We all know the feeling.
We all know the feeling. You’ve just stuffed yourself silly with Turkey, Sprouts and the works at the dinner table and all you want to do is retire to the comfy sofa and watch a classic Christmas movie. But which? With every genre under the sun covered in Christmas spirit, it is near on impossible to please the whole family, so why not pick a Christmas movie that is actually good? Forget about Elf and Home Alone, put Die Hard into your DVD player this Christmas.
Yes, Bruce Willis’ 1988 portrayal of the kick-arse cop John McLane is the ultimate Christmas movie. “But what of the constant swearing and violence, it is hardly a family film, is it?” I hear you cry. It doesn’t matter. Granny will be passed out in her armchair after one too many sherry’s and the youngsters will either be distracted by a mountain of toys or have worked themselves up into such excitement in the morning, they will have crashed on the living room floor. Putting the violence to one side Die Hard does have some very stereotypical Christmassy themes running throughout:
From gangster rap carols in Argyle’s car to Vaughn Monroe’s “Let it snow” we are treated to a barrage of Christmas tunes to make us feel festive. By Christmas day you will be fed up of The Pogues, Band Aid and Slade, so the less commercial Christmas songs will give your tired ears a rest. While watching McLane pit his wits against the terrorist leader Hans Gruber, played by Alan Rickman, you will forget all about the torture your ears have gone under thanks to Wizzard and co.

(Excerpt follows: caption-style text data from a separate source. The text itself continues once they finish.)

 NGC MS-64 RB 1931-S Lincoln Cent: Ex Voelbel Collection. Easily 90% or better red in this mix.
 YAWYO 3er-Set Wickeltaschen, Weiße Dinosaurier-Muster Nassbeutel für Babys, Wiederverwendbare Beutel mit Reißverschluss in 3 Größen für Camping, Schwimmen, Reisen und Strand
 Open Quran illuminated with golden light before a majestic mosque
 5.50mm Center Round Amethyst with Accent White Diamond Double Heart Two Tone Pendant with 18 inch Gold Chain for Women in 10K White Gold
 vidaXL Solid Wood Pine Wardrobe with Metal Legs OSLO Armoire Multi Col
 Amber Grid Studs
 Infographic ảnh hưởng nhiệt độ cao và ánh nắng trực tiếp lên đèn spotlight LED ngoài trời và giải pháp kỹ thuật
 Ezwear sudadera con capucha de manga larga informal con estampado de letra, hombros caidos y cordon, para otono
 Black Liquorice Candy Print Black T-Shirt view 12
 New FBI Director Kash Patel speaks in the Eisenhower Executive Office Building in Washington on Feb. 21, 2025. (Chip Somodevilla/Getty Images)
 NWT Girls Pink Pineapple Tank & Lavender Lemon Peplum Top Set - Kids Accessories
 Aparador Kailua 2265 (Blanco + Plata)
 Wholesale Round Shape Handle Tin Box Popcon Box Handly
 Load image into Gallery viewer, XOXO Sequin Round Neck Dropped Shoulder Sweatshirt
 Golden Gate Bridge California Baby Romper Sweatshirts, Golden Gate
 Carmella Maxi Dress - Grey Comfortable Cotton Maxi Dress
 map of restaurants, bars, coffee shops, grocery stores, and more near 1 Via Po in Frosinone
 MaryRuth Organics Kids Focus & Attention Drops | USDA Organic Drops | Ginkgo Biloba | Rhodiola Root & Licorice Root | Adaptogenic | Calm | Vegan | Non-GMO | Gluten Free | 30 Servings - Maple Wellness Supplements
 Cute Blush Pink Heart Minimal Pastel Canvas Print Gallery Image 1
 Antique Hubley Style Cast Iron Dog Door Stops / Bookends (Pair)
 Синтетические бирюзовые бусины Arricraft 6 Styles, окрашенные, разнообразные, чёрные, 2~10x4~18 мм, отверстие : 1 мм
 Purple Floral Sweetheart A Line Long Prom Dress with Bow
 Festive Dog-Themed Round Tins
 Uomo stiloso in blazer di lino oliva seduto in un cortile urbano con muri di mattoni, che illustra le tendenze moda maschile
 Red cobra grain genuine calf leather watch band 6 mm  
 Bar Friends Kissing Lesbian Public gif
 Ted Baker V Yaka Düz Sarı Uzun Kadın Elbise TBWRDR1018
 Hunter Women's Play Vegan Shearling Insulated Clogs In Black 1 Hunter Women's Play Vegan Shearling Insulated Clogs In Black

There is no bigger theme in a Christmas movie than romance and, if you think about it, Die Hard is just a soppy Christmas love story with some terrorists thrown into the mix. McLane heads to Los Angeles on Christmas eve in an attempt to rescue his failing marriage. Arriving at the office Christmas party (the birthplace of many an office fling), McLane is quickly forced to have to fight off a horde of terrorists to save his wife.
It may not have the quirky Christmas comedy of Will Ferrel running round New York dressed as a giant elf, but Willis does lighten the mood of a terrorist situation with some killer one-liners. Whether it be shouting at emergency call operators “Does it sound like I’m ordering a pizza?” or complaining about a terrorists shoes not fitting “9 million terrorists and I gotta kill the one with feet smaller than my sister,” McLane makes Die Hard as funny as it is exhilarating.
A happy ending
What sort of Christmas movie ends badly? None of them! There are hardly any endings happier than Die Hard, as John and Holly walk off into the distance together, Sgt Powell has overcome his fear of firing his weapon and can get back to his real job and $600million fall from the sky. A few innocent hostages may have been killed, but, as it is Christmas, we can’t help but think of the positives!